What you will do: Please print nothing but the lines from the one with "2008 Chrysler Town" to the last line of the records below, and omit pictures.

Material for this task:

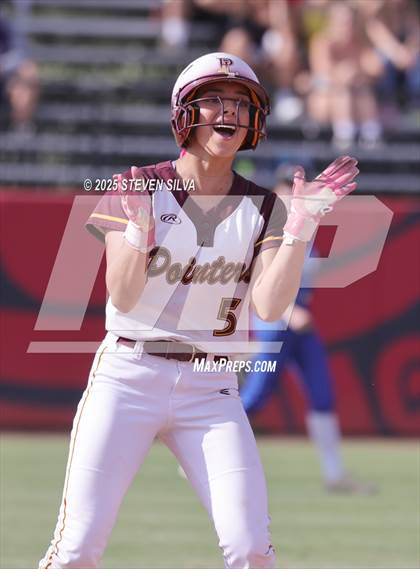 Thumbnail 3 in Point Loma vs. West Hills (CIF SDS Division 2 Final) photogallery.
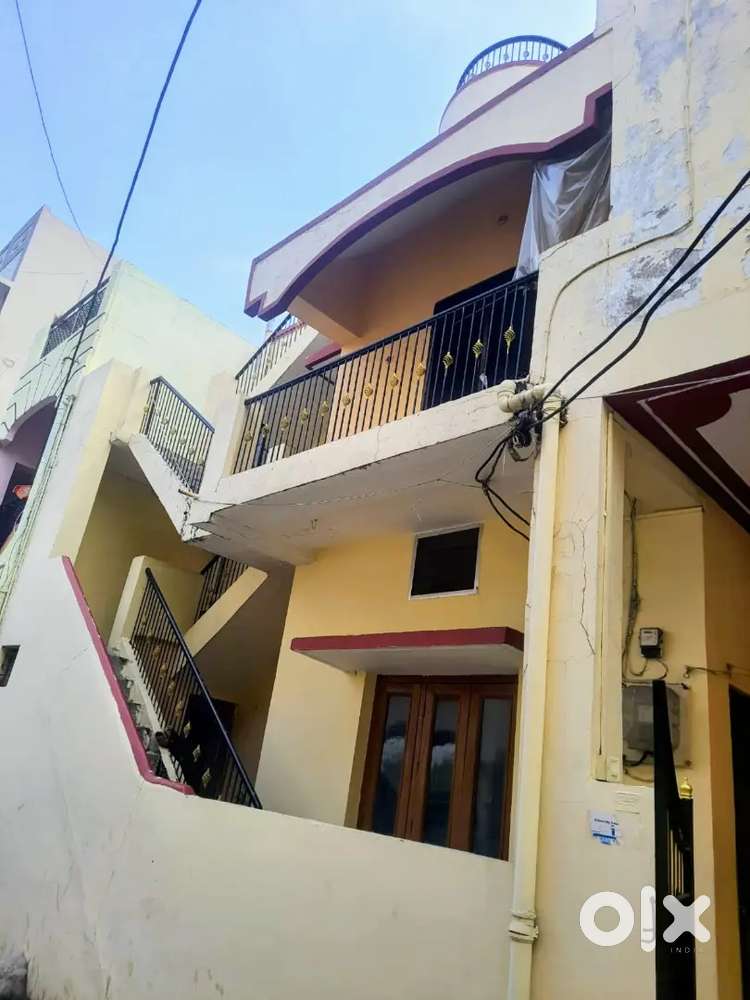 1 room on rent in penthouse.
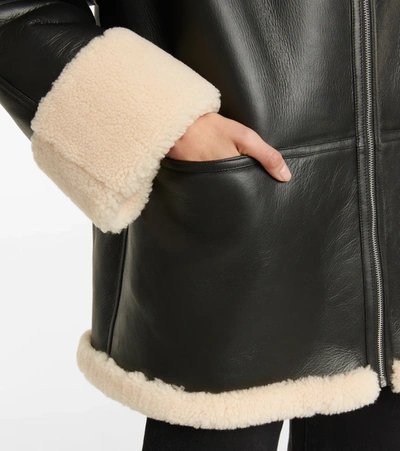 Totême Two-tone Shearling Zipped Jacket In Black Leather In Black Off White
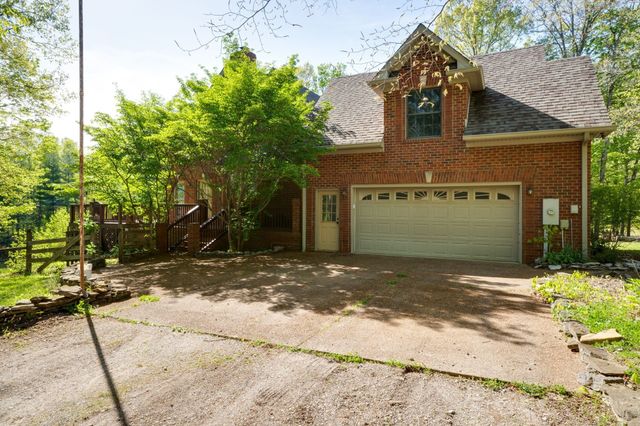 735 Keytown Rd, Portland, TN 37148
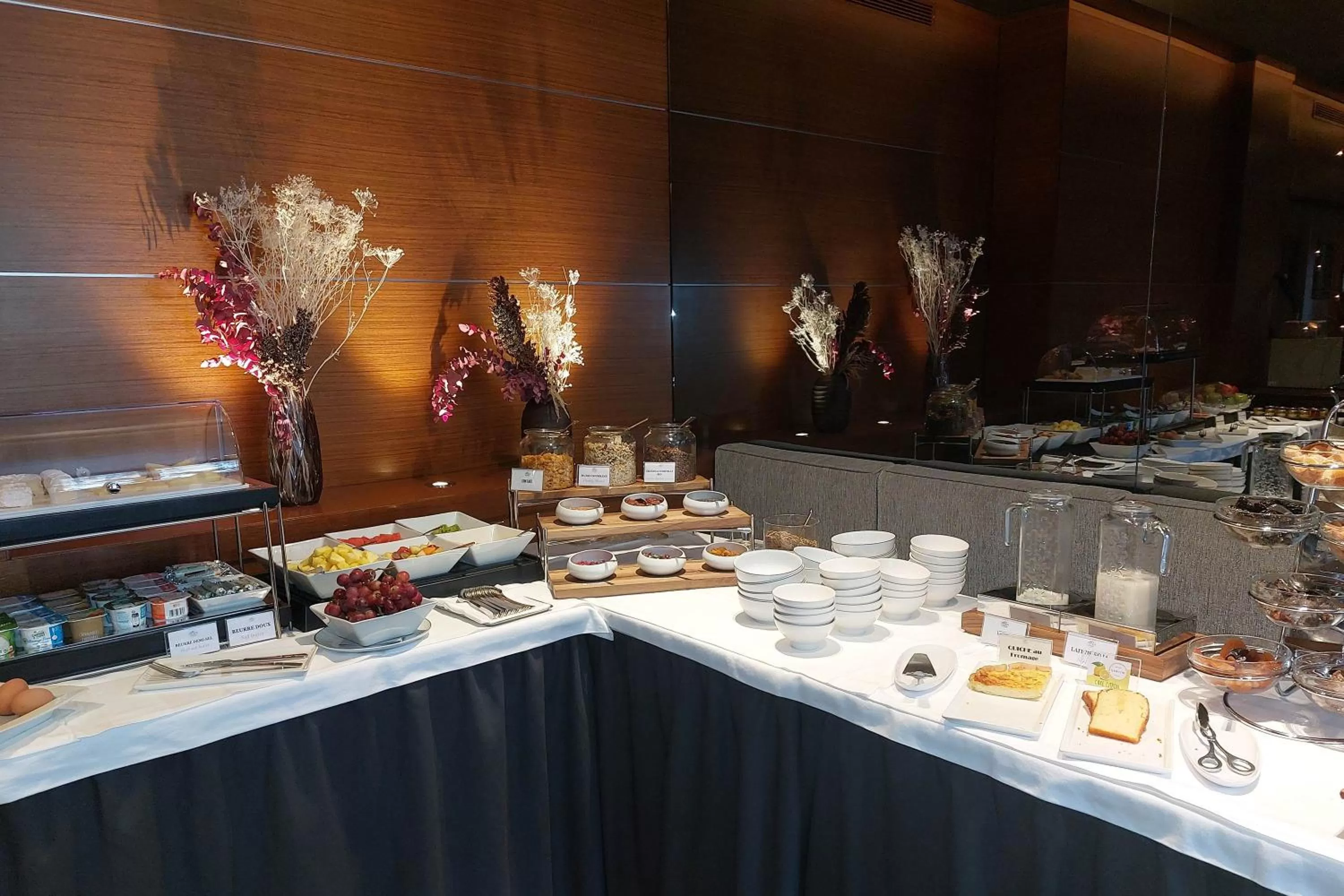 Buffet breakfast in Splendid Etoile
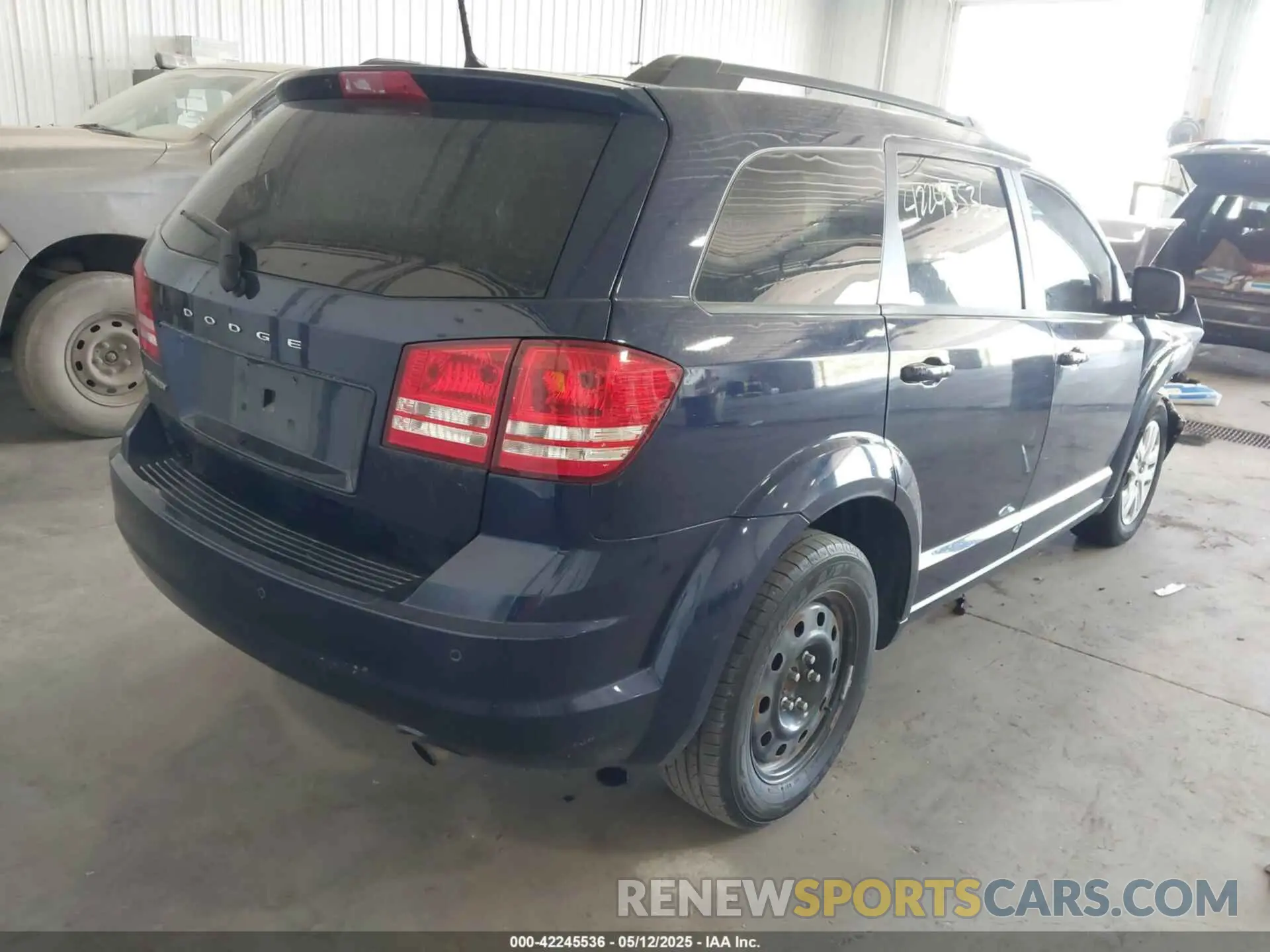 4 Photograph of a damaged car 3C4PDCAB6LT182928 DODGE JOURNEY 2020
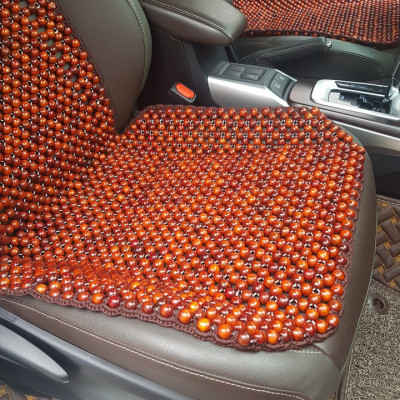 Đệm Lót Ghế Xe Ô Tô Hạt Gỗ Hương Đỏ Hạt 1.2cm - Đan kết viền mép cao cấp ( hình thật )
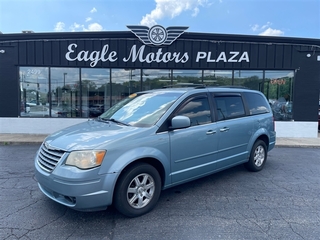 2008 Chrysler Town And Country for sale in Hamilton OH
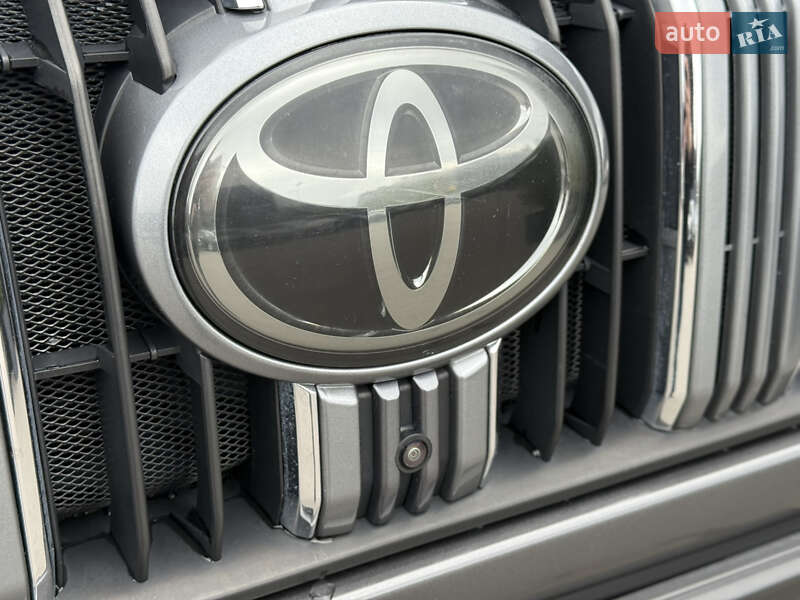 Внедорожник / Кроссовер Toyota Land Cruiser Prado 2017 в Киеве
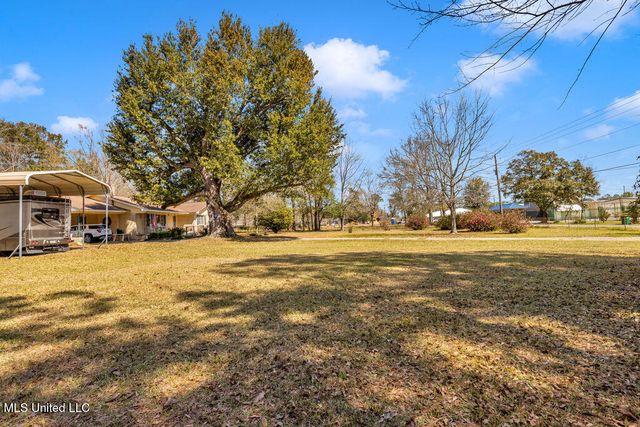 15900 Van Eaton Circle, Biloxi, MS 39532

Response:
 2008 Chrysler Town And Country for sale in Hamilton OH
 Внедорожник / Кроссовер Toyota Land Cruiser Prado 2017 в Киеве
 15900 Van Eaton Circle, Biloxi, MS 39532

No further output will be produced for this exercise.